The trick is being able to send lots of bullets down range and learning as you go. This is where the Mosin is such a blessing! Most of the ammo I shoot is mil surp but I do buy some brass loads and save every empty case. BTW, the Wolf Gold 54R load is a pretty good shooter. It brings the rifle much closer to it's true ability and can be had for 12-15 bucks a box if you do some looking.

As with most of you who roll your own, when it comes to metric rifles I tend bo buy more than I roll as it is so cheap allready. Even todays higher priced mi surp 8mm rounds are cheap enough I have not began my one loading. Then again, I only have one Mauser.

On the scout scope. I'm a huge Jeff Cooper fan and have long thought the M38 would make a great scout project.

FWIW, cheaper than dirt and several other outlets have stripper clips for the Mosin.


----------



## Ed Norman (Jun 8, 2002)

zant said:


> Just put scout mount on and it works great......If you only have steel cases for your Mosin and want good ammo-just pull bullet/powder-lube well-pour in good powder-seat sp bullet and you have great hunting ammo....I found a bunch of norma and lapua cases at a yard sale and have at least 5 reloads on them.

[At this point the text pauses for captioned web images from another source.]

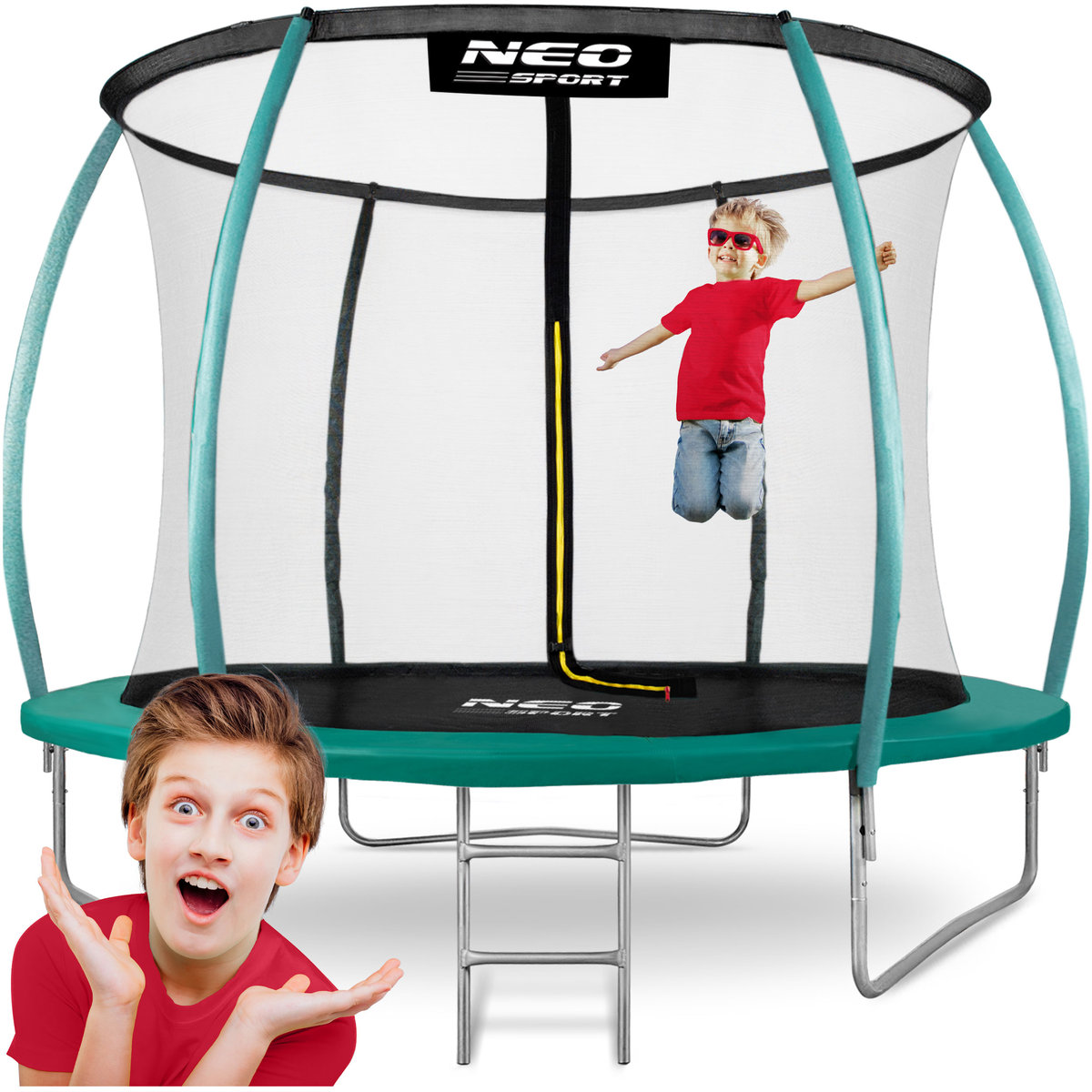 Neo-sport Trampolina ogrodowa 10ft/312cm z siatką, profilowanymi słupkami i drabinką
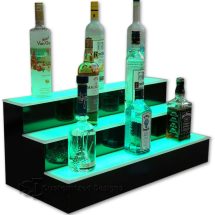 3 Tier Liquor Bottle Display with Green LED Lighting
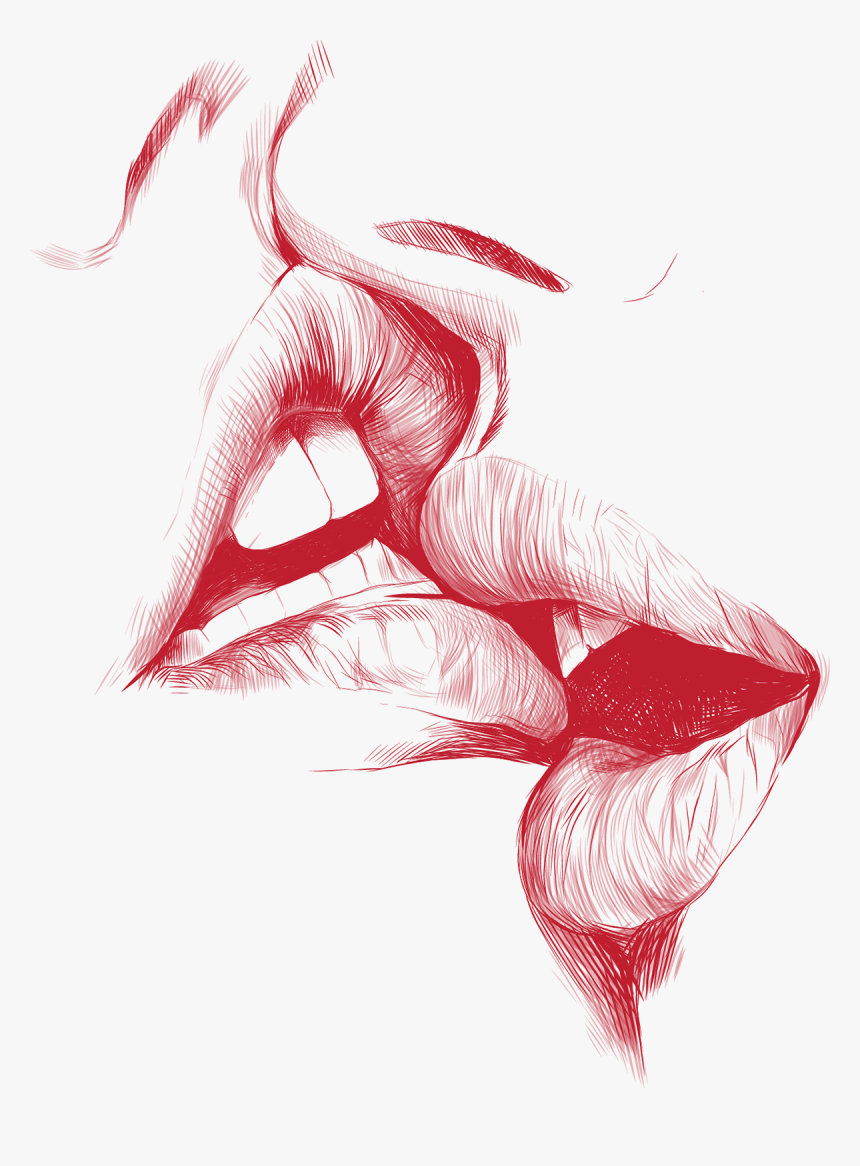 French Kiss Sketch Drawing, HD Png Download, Free Download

I'm not sure what you have to lube? You aren't resizing, are you?

And if you use a hunting bullet the same weight as the surplus bullet, you can keep the original powder charge and see if it shoots good enough. Then it is a simple pull - seat operation. I used to do that with the early SKS ammo.


----------



## hunter63 (Jan 4, 2005)

FYI, most of my re-loading manuals list the .308 bullet as a basis for the velocities printed for each load. Of course the companies that printed the manuals would want to error on the safe side?

Dia is a little small .308 but I guess it beats trying to load with .311 (.303 British).
Haven't found many .310 bullets other than Norma's.

If I was to re-load the 7.62X 54R I would use the .308's and a factory crimp die.

As I have plenty of other hunting set ups, I kinda treat the Nagants as a fun rifle (and pistol), so haven't really got into the gyrations needed to re-load them.

I did pick up a "Lee Loader" for the 7.62X 54, just in case. (back pack re-loading)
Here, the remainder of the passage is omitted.